ML Service Availability Governance mandates that every AI agent's inference pipeline is protected against denial-of-service attacks targeting the machine learning service layer — not just the network or application layer. Traditional DoS protections (rate limiting, CDN, WAF) defend the transport layer but do not address attacks that exploit the computational asymmetry unique to ML inference: a single carefully crafted input can consume orders of magnitude more compute than a normal request through adversarial inputs triggering worst-case inference paths, recursive tool-call loops, context window exhaustion, or model loading storms. AG-793 requires that availability governance operates at the ML service layer with controls calibrated to the computational cost of inference, not just request volume. Without this dimension, an attacker who cannot overwhelm the network can still deny service by exploiting the disproportionate compute cost of adversarial inference requests.

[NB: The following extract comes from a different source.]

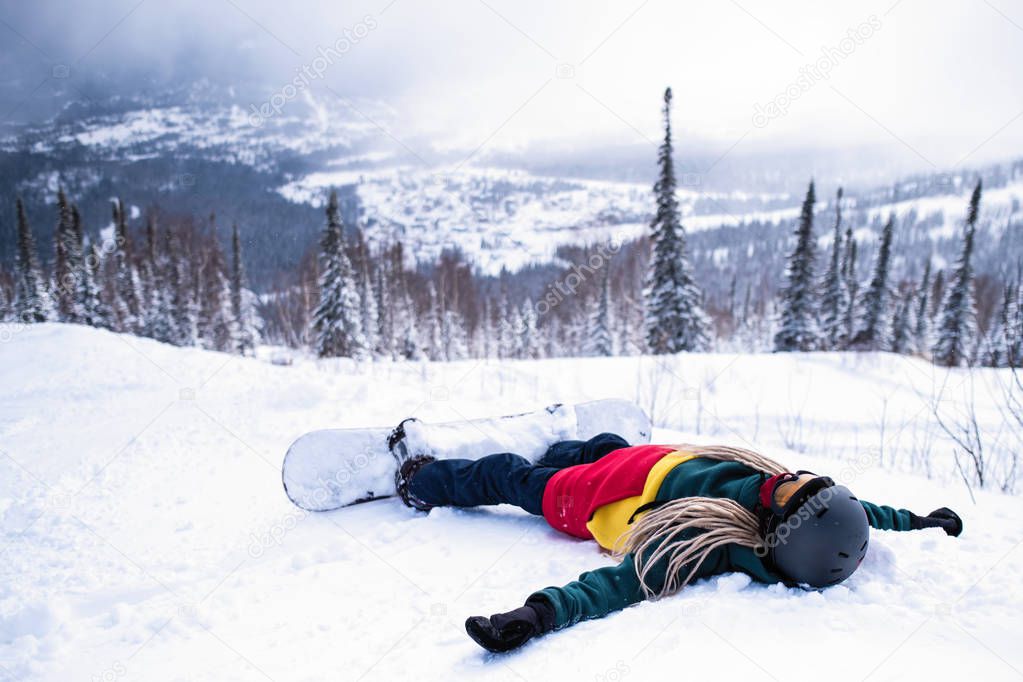Female snowboarder freerider with snowboard in the mountains resting lying on the snowy slope.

This dimension applies to all AI agent deployments where the agent's operational capability depends on access to an ML inference service, whether self-hosted, cloud-hosted, or accessed via API. Specifically:
Exclusions: Agents that perform no ML inference (pure rule-based systems) are excluded. Agents where inference is handled entirely by a third-party service with its own availability SLA may defer compute-layer protections to the provider, but must still implement request-side controls (R1-R4) at their own boundary.

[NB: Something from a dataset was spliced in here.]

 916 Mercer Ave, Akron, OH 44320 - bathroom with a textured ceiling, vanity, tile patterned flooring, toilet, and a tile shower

Financial Services. Trading agents that lose inference access during market hours face direct financial exposure. Availability governance must include failover to degraded-but-safe operating modes with defined recovery time objectives aligned to market session windows.
Healthcare. Clinical decision support agents must maintain availability under load. A denial of ML service during patient triage creates a patient safety risk. Failover to human-only pathways must be tested and documented.
Safety-Critical. Agents controlling physical systems must fail safe when inference is denied. AG-793 intersects with AG-008 (Governance Continuity Under Failure) for these deployments.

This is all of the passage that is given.